有機溶剤としては、例えば、アセトン、メチルエチルケトン(MEK)及びシクロヘキサノン等のケトン類、酢酸エチル、酢酸ブチル、セロソルブアセテート、プロピレングリコールモノメチルエーテルアセテート及びカルビトールアセテート等の酢酸エステル類、セロソルブ及びブチルカルビトール等のカルビトール類、トルエン及びキシレン等の芳香族炭化水素類、ジメチルホルムアミド、ジメチルアセトアミド(DMAc)及びN-メチルピロリドン等のアミド系溶媒等を挙げることができる。

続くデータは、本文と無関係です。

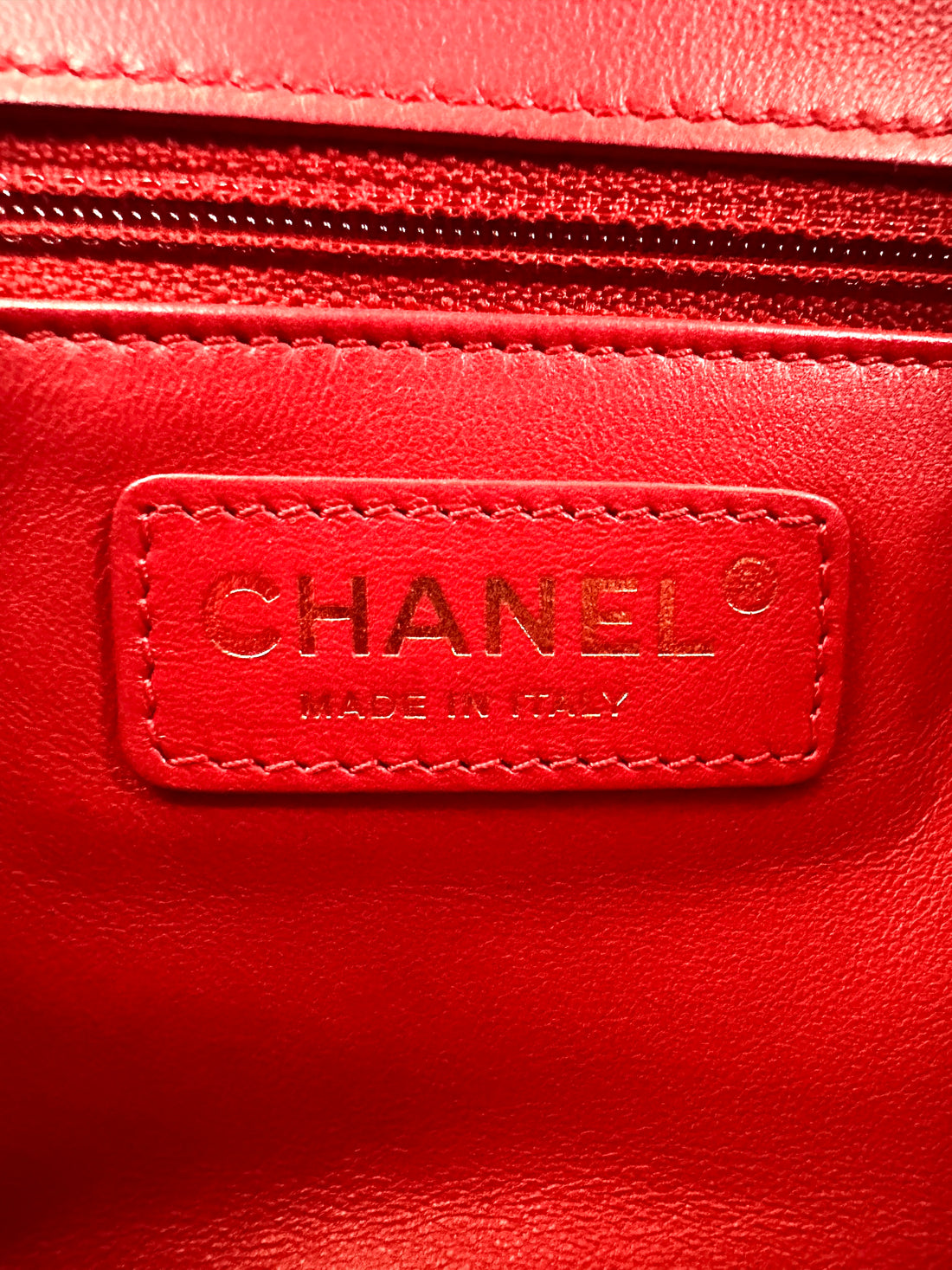 Chanel Classic Flap Red Quilted Lambskin Top Handle Flap Bag With Gold Buckle(28***68) CC2044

有機溶剤は1種単独で使用してもよく、2種以上を組み合わせて使用してもよい。
乾燥は、加熱、熱風吹きつけ等の公知の方法により実施してよい。乾燥条件は特に限定されないが、熱硬化性樹脂組成物層中の有機溶剤の含有量が10質量%以下、好ましくは5質量%以下となるように乾燥させる。樹脂ワニス中の有機溶剤の沸点によっても異なるが、例えば30質量%~60質量%の有機溶剤を含む樹脂ワニスを用いる場合、50℃~150℃で3分間~15分間乾燥させることにより、熱硬化性樹脂組成物層を形成することができる。
(i)熱硬化性樹脂組成物層の(ii)樹脂フィルム層と接合していない面(即ち、樹脂フィルム層とは反対側の面)、及び(ii)樹脂フィルム層の(i)熱硬化性樹脂組成物層と接合していない面(即ち、熱硬化性樹脂組成物層とは反対側の面)には、保護フィルムをさらに積層することができる。また、接着シートが(iii)金属箔又は熱硬化性樹脂組成物層を含む場合、(iii)金属箔又は熱硬化性樹脂組成物層の(ii)樹脂フィルム層と接合していない面(即ち、樹脂フィルム層とは反対側の面)、及び(i)熱硬化性樹脂組成物層の(ii)樹脂フィルム層と接合していない面に保護フィルムをさらに積層することができる。保護フィルムを積層することにより、上記(i)、(ii)の層((iii)の層を含む場合は上記(i)、(iii)の層)の表面へのゴミ等の付着やキズを防止することができる。接着シートは、ロール状に巻きとって保存することが可能である。接着シートが保護フィルムを有する場合、保護フィルムを剥がすことによって使用可能となる。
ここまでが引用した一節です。